Table 3. Studies of baloxavir marboxil for influenza show that early treatment is more effective.
Treatment delay	Result
Post-exposure prophylaxis	86% fewer cases38
<24 hours	-33 hours symptoms39
24-48 hours	-13 hours symptoms39
Inpatients	-2.5 hours to improvement40

Figure 7 shows a mixed-effects meta-regression for efficacy as a function of treatment delay in COVID-19 studies from 161 treatments, showing that efficacy declines rapidly with treatment delay. Early treatment is critical for COVID-19.

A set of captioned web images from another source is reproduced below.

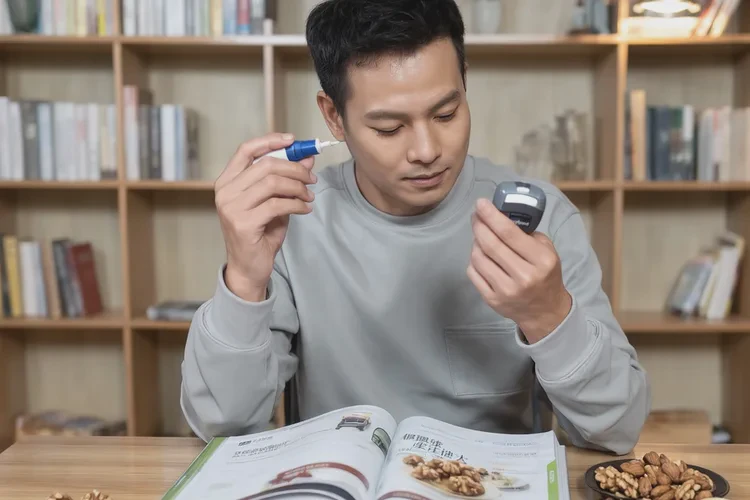 33岁睡前血糖6点8是怎么回事(图4)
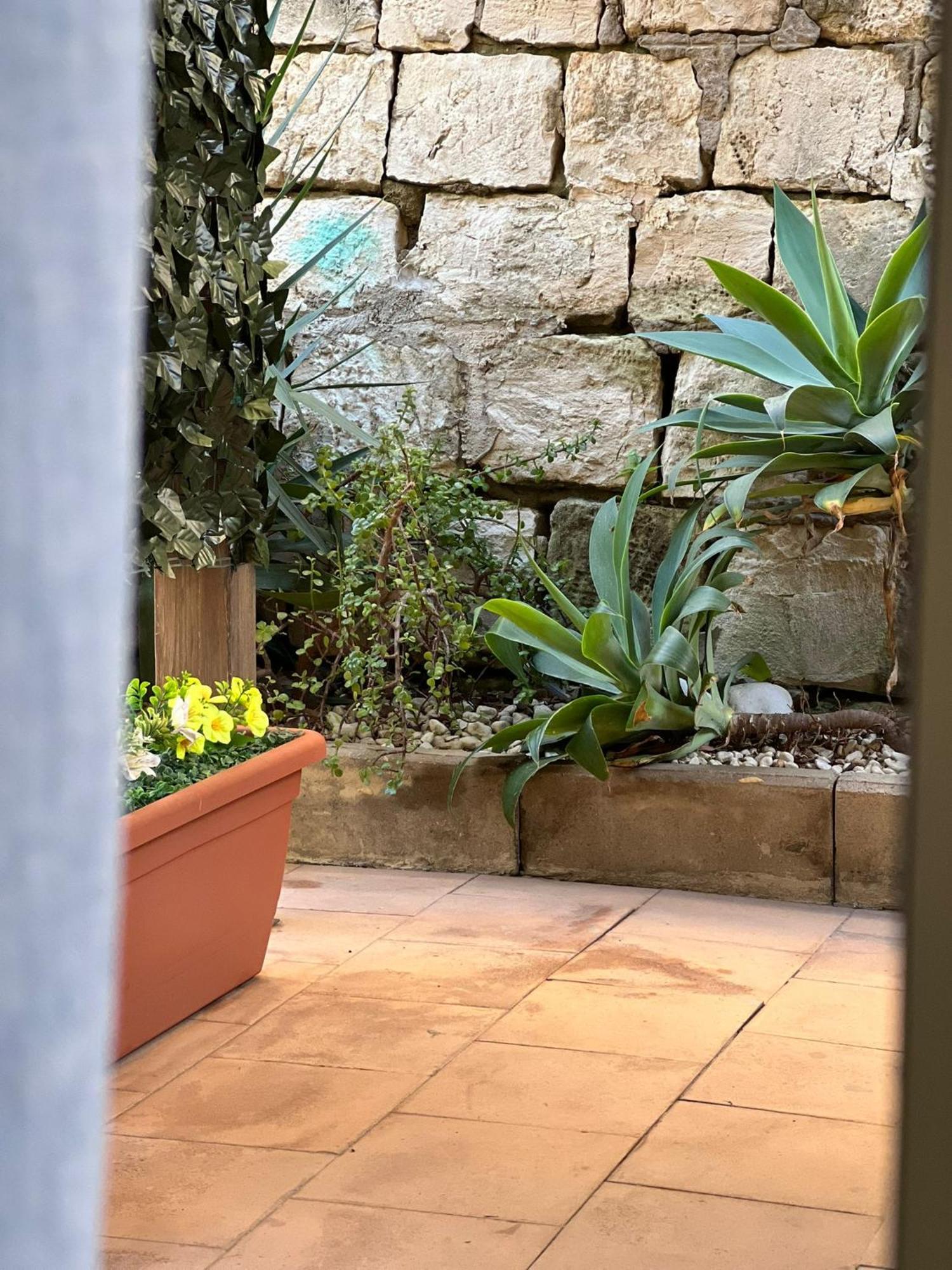 Bed and Breakfast In Riva al Mare Gela Exterior foto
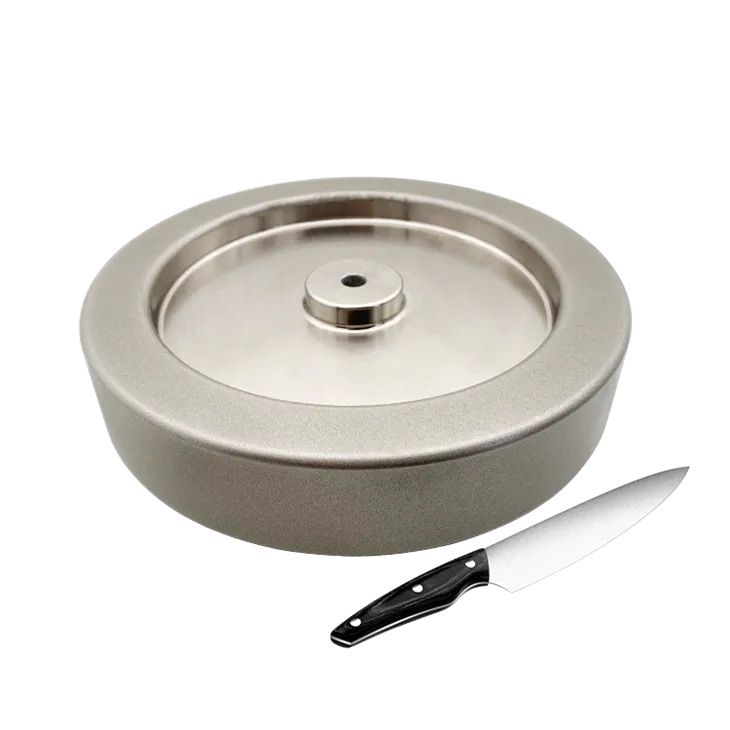 Mola diamantata Baldor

Figure 7. Early treatment is more effective. Meta-regression showing efficacy as a function of treatment delay in COVID-19 studies from 161 treatments.

Patient demographics

Details of the patient population including age and comorbidities may critically affect how well a treatment works. For example, many COVID-19 studies with relatively young low-comorbidity patients show all patients recovering quickly with or without treatment. In such cases, there is little room for an effective treatment to improve results, for example as in López-Medina et al.

SARS-CoV-2 variants

Efficacy may depend critically on the distribution of SARS-CoV-2 variants encountered by patients. Risk varies significantly across variants42, for example the Gamma variant shows significantly different characteristics43-46. Different mechanisms of action may be more or less effective depending on variants, for example the degree to which TMPRSS2 contributes to viral entry can differ across variants47,48.

Treatment regimen

Effectiveness may depend strongly on the dosage and treatment regimen.

Medication quality

The quality of medications may vary significantly between manufacturers and production batches, which may significantly affect efficacy and safety. Williams et al. analyze ivermectin from 11 different sources, showing highly variable antiparasitic efficacy across different manufacturers. Xu et al. analyze a treatment from two different manufacturers, showing 9 different impurities, with significantly different concentrations for each manufacturer.

Other treatments

The use of other treatments may significantly affect outcomes, including supplements, other medications, or other interventions such as prone positioning. Treatments may be synergistic51-67, therefore efficacy may depend strongly on combined treatments.

Effect measured

Across all studies there is a strong association between different outcomes, for example improved recovery is strongly associated with lower mortality. However, efficacy may differ depending on the effect measured, for example a treatment may be more effective against secondary complications and have minimal effect on viral clearance.

Meta analysis

The distribution of studies will alter the outcome of a meta analysis. Consider a simplified example where everything is equal except for the treatment delay, and effectiveness decreases to zero or below with increasing delay. If there are many studies using very late treatment, the outcome may be negative, even though early treatment is very effective. All meta analyses combine heterogeneous studies, varying in population, variants, and potentially all factors above, and therefore may obscure efficacy by including studies where treatment is less effective. Generally, we expect the estimated effect size from meta analysis to be less than that for the optimal case. Looking at all studies is valuable for providing an overview of all research, important to avoid cherry-picking, and informative when a positive result is found despite combining less-optimal situations. However, the resulting estimate does not apply to specific cases such as early treatment in high-risk populations. While we present results for all studies, we also present treatment time and individual outcome analyses, which may be more informative for specific use cases.

Pooled Effects

Combining studies is required

For COVID-19, delay in clinical results translates into additional death and morbidity, as well as additional economic and societal damage. Combining the results of studies reporting different outcomes is required. There may be no mortality in a trial with low-risk patients, however a reduction in severity or improved viral clearance may translate into lower mortality in a high-risk population. Different studies may report lower severity, improved recovery, and lower mortality, and the significance may be very high when combining the results. "The studies reported different outcomes" is not a good reason for disregarding results. Pooling the results of studies reporting different outcomes allows us to use more of the available information. Logically we should, and do, use additional information when evaluating treatments—for example dose-response and treatment delay-response relationships provide additional evidence of efficacy that is considered when reviewing the evidence for a treatment.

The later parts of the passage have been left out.